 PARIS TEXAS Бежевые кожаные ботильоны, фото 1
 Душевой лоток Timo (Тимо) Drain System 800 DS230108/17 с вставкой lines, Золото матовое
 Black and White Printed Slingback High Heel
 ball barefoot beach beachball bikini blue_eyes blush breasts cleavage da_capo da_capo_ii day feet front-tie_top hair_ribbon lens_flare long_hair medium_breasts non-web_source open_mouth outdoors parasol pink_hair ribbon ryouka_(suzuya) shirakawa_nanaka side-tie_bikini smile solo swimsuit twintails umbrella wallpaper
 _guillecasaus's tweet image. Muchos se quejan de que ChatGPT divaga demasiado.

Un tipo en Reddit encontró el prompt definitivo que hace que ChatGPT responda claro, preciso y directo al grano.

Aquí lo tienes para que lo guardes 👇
* * *
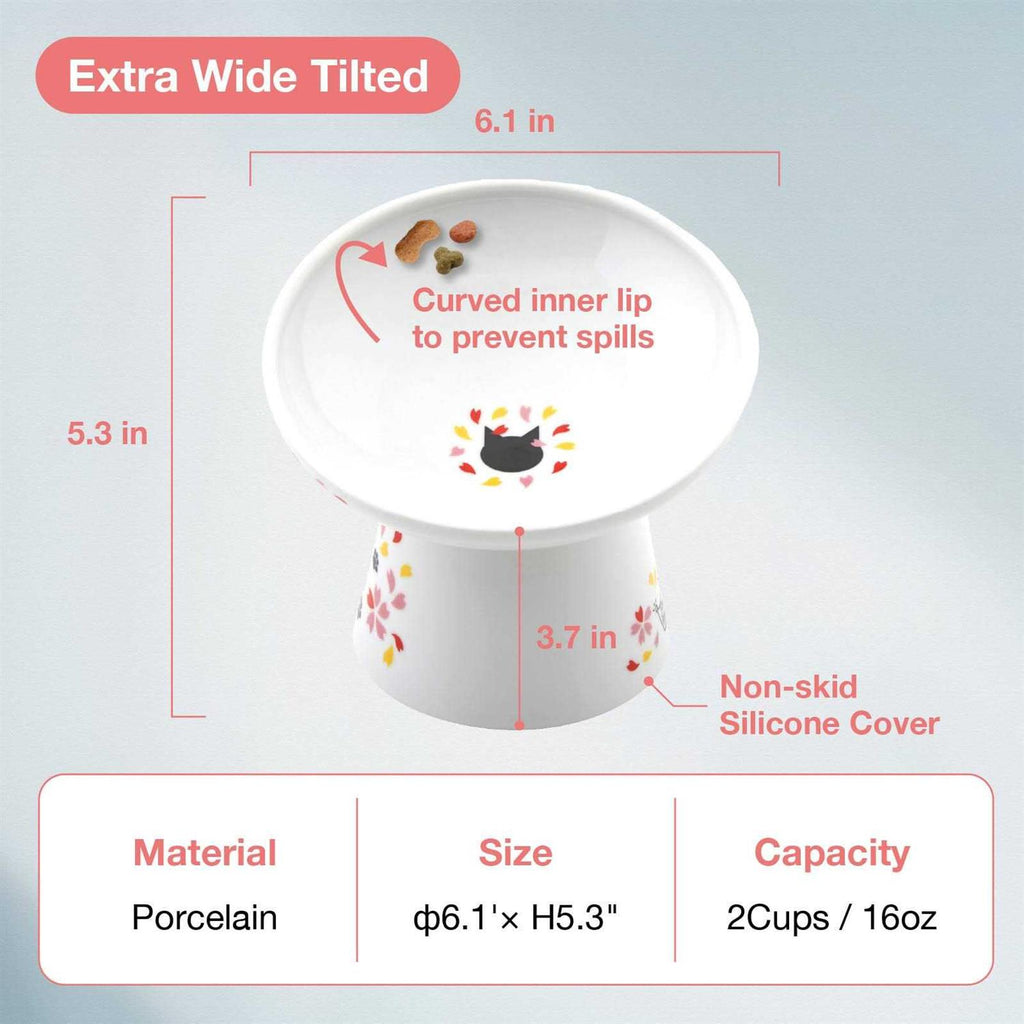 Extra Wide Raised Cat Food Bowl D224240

▶ [What the task asks]:
Using the data above, reproduce exactly the lines from the line that contains "ChatGPT divaga demasiado." through the line that contains "Aquí lo tienes para que lo guardes 👇", including both.

▶ [Result for this task]:
 _guillecasaus's tweet image. Muchos se quejan de que ChatGPT divaga demasiado.

Un tipo en Reddit encontró el prompt definitivo que hace que ChatGPT responda claro, preciso y directo al grano.

Aquí lo tienes para que lo guardes 👇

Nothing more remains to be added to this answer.